How to Dine in Miami: Practical Tips
Booking Platforms
Miami's best restaurants use three systems. Resy is dominant for fine dining and newer restaurants—most Michelin-starred venues require Resy. OpenTable serves traditional establishments and steakhouses. Direct phone calls are always an option and often recommended for your first reservation. Call the restaurant and mention it's your first visit; staff often allocate tables specifically for new diners.
Best Nights to Dine
Thursday through Saturday are peak nights; expect premium pricing and full reservations. Tuesday and Wednesday offer better availability and sometimes 10–15% lower prices on wine by the glass. Sunday is hit-or-miss—many Design District restaurants close Mondays and Sundays. Monday is the quietest night citywide; some restaurants are fully booked due to Sunday closures, but others offer incentives. Lunch reservations are significantly easier than dinner for most restaurants.
Dress Code Strategy
Miami is warmer than New York or Chicago, but fine dining maintains dress codes.
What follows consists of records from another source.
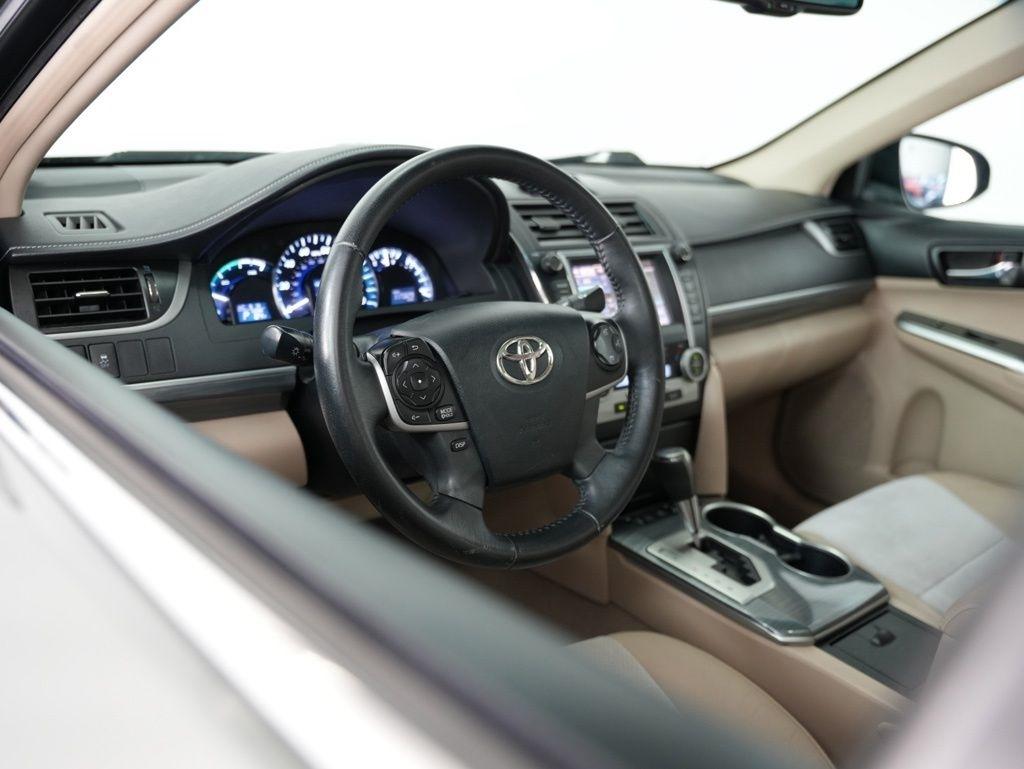 Toyota Camry Hybrid 4dr Sdn XLE (Natl) 2013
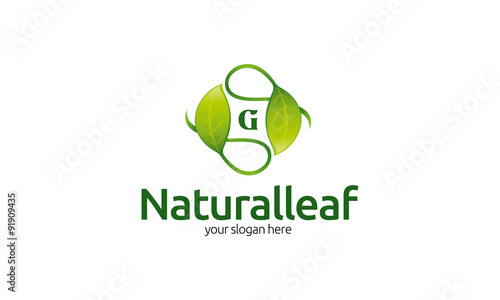 Natural Leaf Logo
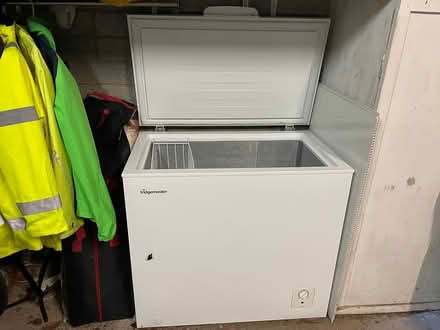 Photo of free Small chest freezer (Henleaze BS9) #2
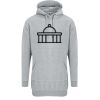 Hoodie dress Thumbnail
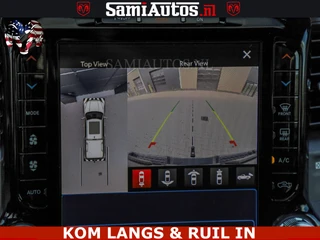 Dodge Ram Pick-Up 2023 - LIMITED NIGHT 5.7 V8 402PK | HUD | 4PL WHEELS | LUCHTVERING |OPEN UILAAT KLEP | BOM VOL | GRANITE CRYSTAL | DC | obrazek 52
Business casual is the minimum at Michelin-starred restaurants: no athletic wear, no tank tops, no flip-flops. Shorts are acceptable at some mid-range venues but not at high-end spots. Jackets are required at The Surf Club and recommended at Cote and Stubborn Seed. Call ahead if you're unsure. Casual neighborhoods like Wynwood tolerate smart casual; Design District expects elegant casual.
Tipping Culture
Miami hospitality expects 18–20% minimum on the pre-tax total. At Michelin-starred restaurants, 20%+ is customary. Many high-end venues include gratuity automatically for parties of 6+; check your bill before tipping twice. Exceptional service or wine pairings justify 22–25%. Cash tips are always appreciated; card tipping is accepted.
Valet Culture
South Beach, Design District, and Surfside expect valet service. The Surf Club, Cote Miami, and Carbone offer complimentary valet. Some Wynwood and Brickell venues offer street parking. Always ask about parking when you reserve. Valet tips are typically $2–5 per car. Don't assume your credit card parking charges will transfer to tip.
Miami Dining: Frequently Asked Questions
Miami's dining season peaks from November through April. Winter months draw international travelers and offer optimal weather—no heat, no humidity, no hurricanes. Summer is quieter and often features local specials and lower prices on wine. Reservation difficulty increases December through March at top restaurants; book 4–6 weeks ahead during peak season. Spring and fall offer a sweet spot: pleasant weather and easier reservations than winter.
Use Resy, OpenTable, or direct phone reservations. Michelin-starred restaurants often maintain direct reservation systems for better availability control and to build relationships with repeat diners. For your first visit to a restaurant, call directly and mention it's your first time; staff often reserve tables specifically for new guests. Many Design District and South Beach spots require 3–8 weeks advance booking. Set phone reminders 4 weeks out if you're targeting a specific restaurant. Popular Friday and Saturday nights book faster than other days.
Michelin-starred restaurants require business casual minimum—no athletic wear, tank tops, or flip-flops. Most South Beach venues are smart casual. Design District and Wynwood lean modern elegant. Formal wear suits high-end dining but is not required. Shorts and pressed shirts work at mid-range spots. The Surf Club requires jackets for men; call ahead if unsure about specific dress code requirements at any restaurant. When in doubt, dress slightly formal—restaurants never turn you away for being overdressed.
Yes. Miami hospitality expects 18–20% minimum on the pre-tax total. At Michelin-starred restaurants, 20%+ is customary. Many high-end venues include gratuity automatically for parties of 6+; check your bill before calculating tip. Exceptional service or comprehensive wine pairings justify 22–25%. Card tipping is accepted but cash tips are always appreciated by servers. If your server goes above standard service, lean toward 25%.